Ni qué decir tiene que yo había caldeado el ambiente durante todo el día dejando caer que por aquellos montes se habían visto lobos y jabalíes en muchas ocasiones, cosa que inquietaba un tanto a las chicas.
- Tranquilos - les había dicho yo con aires de suficiencia - si suben a la cueva empezamos a tirarles piedras y seguro que se asustan. Además, raramente atacan al hombre.
- Yo, por si las moscas me he traído un machete - decía Juanjo con chulería.
- Ay, calla, - remarcaba Juani - si me aparece un bicho de esos me meto en el saco y ya no salgo.
Pero la hora de la verdad llegó cuando en la lejanía, de forma nítida e incluso aumentada por el eco del lugar y la quietud de la noche, un lobo empezó a aullar.
- ¿¿Qué es eso?? - dijo alguien.
- ¡Parece un lobo! - exclamó Fran fingiendo asombro.
- ¡¡Ay madre - éste era yo con vena dramática - nunca los había oído de verdad!!
Después del lobo solitario se escucharon dos en coro, y luego más. Yo miraba a todos de soslayo. Los ojos como platos, los cuerpos en tensión. Fran dijo que había que avivar el fuego para que no se atrevieran a entrar, pero el personal estaba petrificado. Para más inri, yo no hacía más que dejar caer comentarios venenosos como que prepararan los machetes por si acaso.
La grabación llegó a su punto álgido, el momento que yo esperaba excitado, en el cual se oye a unas fieras gruñir en sonido ascendente, como si vinieran desde lejos y se fueran acercando.

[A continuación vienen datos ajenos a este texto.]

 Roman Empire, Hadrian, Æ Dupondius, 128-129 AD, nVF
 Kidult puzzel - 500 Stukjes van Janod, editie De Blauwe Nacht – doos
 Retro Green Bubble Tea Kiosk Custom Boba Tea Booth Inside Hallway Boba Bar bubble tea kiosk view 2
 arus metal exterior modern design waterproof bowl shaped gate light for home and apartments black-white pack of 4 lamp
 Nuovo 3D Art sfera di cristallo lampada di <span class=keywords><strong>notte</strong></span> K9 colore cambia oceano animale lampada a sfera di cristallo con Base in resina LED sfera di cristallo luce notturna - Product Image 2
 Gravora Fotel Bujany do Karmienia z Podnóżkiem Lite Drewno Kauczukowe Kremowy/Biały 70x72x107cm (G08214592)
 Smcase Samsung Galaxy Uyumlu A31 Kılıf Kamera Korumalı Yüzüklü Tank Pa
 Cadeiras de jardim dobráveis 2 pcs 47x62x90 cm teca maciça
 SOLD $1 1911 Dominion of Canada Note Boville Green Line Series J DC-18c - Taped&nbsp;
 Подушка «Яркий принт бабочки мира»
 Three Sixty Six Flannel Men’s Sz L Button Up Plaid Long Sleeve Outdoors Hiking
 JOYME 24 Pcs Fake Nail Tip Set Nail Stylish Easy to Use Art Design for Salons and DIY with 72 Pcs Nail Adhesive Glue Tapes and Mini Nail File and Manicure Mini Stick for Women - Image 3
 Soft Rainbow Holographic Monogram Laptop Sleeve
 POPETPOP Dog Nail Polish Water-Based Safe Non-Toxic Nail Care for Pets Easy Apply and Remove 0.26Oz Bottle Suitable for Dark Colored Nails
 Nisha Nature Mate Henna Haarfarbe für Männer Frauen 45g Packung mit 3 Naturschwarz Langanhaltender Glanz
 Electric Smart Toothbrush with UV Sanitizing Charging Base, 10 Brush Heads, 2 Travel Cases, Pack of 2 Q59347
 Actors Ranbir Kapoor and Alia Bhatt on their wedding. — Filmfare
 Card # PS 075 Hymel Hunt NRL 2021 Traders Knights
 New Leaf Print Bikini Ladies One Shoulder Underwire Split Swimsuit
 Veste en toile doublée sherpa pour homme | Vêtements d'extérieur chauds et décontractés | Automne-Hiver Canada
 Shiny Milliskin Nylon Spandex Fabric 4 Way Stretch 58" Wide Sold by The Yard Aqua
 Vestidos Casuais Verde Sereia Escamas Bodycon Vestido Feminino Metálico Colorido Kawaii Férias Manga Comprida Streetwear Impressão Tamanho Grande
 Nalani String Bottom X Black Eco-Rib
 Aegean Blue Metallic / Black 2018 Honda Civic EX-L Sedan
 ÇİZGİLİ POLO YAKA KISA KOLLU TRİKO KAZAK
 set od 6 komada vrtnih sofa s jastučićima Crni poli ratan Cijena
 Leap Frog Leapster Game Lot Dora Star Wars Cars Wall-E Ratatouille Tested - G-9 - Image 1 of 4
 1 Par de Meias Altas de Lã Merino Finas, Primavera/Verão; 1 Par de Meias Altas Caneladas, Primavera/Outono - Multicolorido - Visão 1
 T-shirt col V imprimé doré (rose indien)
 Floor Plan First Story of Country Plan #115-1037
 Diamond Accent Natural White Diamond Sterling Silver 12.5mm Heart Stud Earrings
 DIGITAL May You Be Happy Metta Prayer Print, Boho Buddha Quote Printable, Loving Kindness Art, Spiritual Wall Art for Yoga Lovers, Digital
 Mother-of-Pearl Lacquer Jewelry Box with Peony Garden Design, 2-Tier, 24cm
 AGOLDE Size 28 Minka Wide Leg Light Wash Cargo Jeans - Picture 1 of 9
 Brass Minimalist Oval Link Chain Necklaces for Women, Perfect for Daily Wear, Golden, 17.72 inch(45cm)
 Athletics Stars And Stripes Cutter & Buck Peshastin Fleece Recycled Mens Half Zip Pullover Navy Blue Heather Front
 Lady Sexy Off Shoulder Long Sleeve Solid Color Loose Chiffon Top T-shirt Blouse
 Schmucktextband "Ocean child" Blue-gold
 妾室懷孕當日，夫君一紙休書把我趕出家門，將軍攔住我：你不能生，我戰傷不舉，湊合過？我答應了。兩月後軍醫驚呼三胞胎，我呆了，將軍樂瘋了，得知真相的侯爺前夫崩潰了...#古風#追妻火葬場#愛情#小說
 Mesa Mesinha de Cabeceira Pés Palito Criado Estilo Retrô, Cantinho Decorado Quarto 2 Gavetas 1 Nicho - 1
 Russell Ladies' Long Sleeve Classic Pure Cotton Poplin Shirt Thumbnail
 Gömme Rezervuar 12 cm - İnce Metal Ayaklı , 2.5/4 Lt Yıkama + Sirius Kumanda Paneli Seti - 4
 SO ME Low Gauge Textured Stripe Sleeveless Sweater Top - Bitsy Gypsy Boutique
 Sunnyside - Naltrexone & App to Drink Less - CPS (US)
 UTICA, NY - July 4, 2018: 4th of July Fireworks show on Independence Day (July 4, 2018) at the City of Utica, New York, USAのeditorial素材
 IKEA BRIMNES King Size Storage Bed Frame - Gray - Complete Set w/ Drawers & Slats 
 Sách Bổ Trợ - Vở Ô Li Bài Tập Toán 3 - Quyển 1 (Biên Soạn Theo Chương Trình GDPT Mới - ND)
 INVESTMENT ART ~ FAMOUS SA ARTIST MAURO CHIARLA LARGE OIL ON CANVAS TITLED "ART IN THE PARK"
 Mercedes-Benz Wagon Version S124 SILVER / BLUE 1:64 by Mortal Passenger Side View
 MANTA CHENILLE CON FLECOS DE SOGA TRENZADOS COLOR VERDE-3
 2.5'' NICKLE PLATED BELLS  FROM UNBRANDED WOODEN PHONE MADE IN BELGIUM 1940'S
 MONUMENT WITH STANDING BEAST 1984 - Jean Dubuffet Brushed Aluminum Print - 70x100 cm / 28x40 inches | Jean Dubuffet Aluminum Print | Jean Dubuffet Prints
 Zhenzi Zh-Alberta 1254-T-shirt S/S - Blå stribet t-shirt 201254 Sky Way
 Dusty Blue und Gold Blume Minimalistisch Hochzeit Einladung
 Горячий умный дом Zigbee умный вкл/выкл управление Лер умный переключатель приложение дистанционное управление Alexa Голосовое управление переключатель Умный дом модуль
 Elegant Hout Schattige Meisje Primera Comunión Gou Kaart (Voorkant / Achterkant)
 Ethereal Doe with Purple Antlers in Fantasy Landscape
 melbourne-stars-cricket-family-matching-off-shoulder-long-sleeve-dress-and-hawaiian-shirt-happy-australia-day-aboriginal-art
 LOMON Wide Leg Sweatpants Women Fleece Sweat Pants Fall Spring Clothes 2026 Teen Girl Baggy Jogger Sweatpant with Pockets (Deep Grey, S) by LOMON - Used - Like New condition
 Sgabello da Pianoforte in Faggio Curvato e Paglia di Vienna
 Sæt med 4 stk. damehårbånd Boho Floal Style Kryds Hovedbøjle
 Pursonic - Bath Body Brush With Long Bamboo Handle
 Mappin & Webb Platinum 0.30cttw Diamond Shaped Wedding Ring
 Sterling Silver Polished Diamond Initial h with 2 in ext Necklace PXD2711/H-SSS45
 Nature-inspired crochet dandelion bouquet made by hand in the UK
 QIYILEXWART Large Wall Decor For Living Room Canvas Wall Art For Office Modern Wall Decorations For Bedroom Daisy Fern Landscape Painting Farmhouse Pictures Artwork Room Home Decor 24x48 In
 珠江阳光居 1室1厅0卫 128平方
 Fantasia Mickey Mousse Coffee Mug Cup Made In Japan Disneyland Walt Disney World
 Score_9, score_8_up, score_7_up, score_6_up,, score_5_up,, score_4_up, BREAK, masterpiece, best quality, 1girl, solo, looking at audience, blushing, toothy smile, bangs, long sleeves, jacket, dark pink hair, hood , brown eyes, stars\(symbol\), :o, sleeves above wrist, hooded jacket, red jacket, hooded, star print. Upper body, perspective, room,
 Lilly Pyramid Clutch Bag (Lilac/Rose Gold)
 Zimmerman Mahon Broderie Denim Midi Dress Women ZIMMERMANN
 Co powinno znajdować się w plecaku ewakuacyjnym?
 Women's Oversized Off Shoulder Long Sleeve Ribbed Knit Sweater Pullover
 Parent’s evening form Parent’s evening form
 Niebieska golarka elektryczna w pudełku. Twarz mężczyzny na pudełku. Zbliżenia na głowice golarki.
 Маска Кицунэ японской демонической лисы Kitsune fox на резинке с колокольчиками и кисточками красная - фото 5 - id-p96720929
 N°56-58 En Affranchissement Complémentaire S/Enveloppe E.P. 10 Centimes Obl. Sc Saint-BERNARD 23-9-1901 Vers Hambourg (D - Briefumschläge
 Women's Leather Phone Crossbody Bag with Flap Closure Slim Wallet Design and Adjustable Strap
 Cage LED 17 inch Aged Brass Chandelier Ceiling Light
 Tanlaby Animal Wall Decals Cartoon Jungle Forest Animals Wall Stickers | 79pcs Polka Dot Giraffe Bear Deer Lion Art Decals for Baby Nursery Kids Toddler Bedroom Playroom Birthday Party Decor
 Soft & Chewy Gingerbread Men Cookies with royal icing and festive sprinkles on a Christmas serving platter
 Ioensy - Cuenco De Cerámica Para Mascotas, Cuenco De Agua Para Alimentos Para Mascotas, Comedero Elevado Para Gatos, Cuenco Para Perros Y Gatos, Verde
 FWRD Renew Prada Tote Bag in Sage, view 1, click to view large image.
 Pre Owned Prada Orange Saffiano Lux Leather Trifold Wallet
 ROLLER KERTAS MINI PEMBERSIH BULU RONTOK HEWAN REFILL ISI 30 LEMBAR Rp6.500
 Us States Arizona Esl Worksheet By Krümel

Entonces chillé "¡Coged piedras! ¡Suben!". Y Fran y yo fuimos apagando rápidamente las velas a soplidos como si fuera algo absolutamente necesario. Juani se aferró a mi brazo con tanta fuerza que me dolía. Elias palideció. Miguel se cubrió la cabeza con su saco. Santi no dudó en recoger y lanzar piedras contra las zarzas y Juanjo, y esto fue lo mejor, empezó a rezar y a jurar que si salíamos de ésta se sacrificaría por hacer mil cosas buenas. Y lo decía con una devoción...
A esas alturas, mis otros hermanos, Tomás y Ana, ya sabían que era todo una broma porque no sólo conocen ese disco, también me conocen a mí. Pero se aliaron a la causa.
Lo malo es que hay momentos en que el pánico se contagia y se hace colectivo, porque con los sonidos tan reales de monstruos rodeándonos, todos gritando a la vez, la cueva a oscuras y veinticuatro ojos mirando hacia la tenue claridad de la luna, convencidos de que de un momento a otro entraría como un relámpago un jabalí con espuma en la boca, desquician al más templado.
Cuando empezamos a lanzar piedras hacia la noche pensé que con lo que venía a continuación todos se percatarían entonces de que era todo un montaje. Del aparato llegaron risas aisladas, risas en grupo, enloquecidas, absurdas. Pero no se percataban del engaño. Estaban aterrorizados. Ni siquiera cuando empezaron a sonar los tañidos de unas campanas y osé a decir que debían ser las de alguna ermita abandonada dejaron de creerme.
El caso es que la cinta finalmente concluía con un sonido electrónico, como de platillo volante y ahí no aguanté más y empecé a reírme.
Algunos rostros empezaron a reaccionar y ya no tuve más remedio que aclarar que todo había sido una broma.
Natibel se disgustó mucho porque a su hermano Elías le sentó mal la cena y ya estuvo malo toda la noche. Juanjo y Miguel me dedicaron muchos "piropos" iracundos y Juani, que no terminaba de creer que no fuera a entrar una fiera en la cueva, seguía, cual grillete, sin soltarme el brazo.
Pero lo gracioso, lo gracioso de verdad, es que ninguno fuimos capaces después de salir a recoger el radio-cassette que nos esperaba allá afuera, en la quietud de la noche, donde se agazapan los lobos que aúllan a la luna.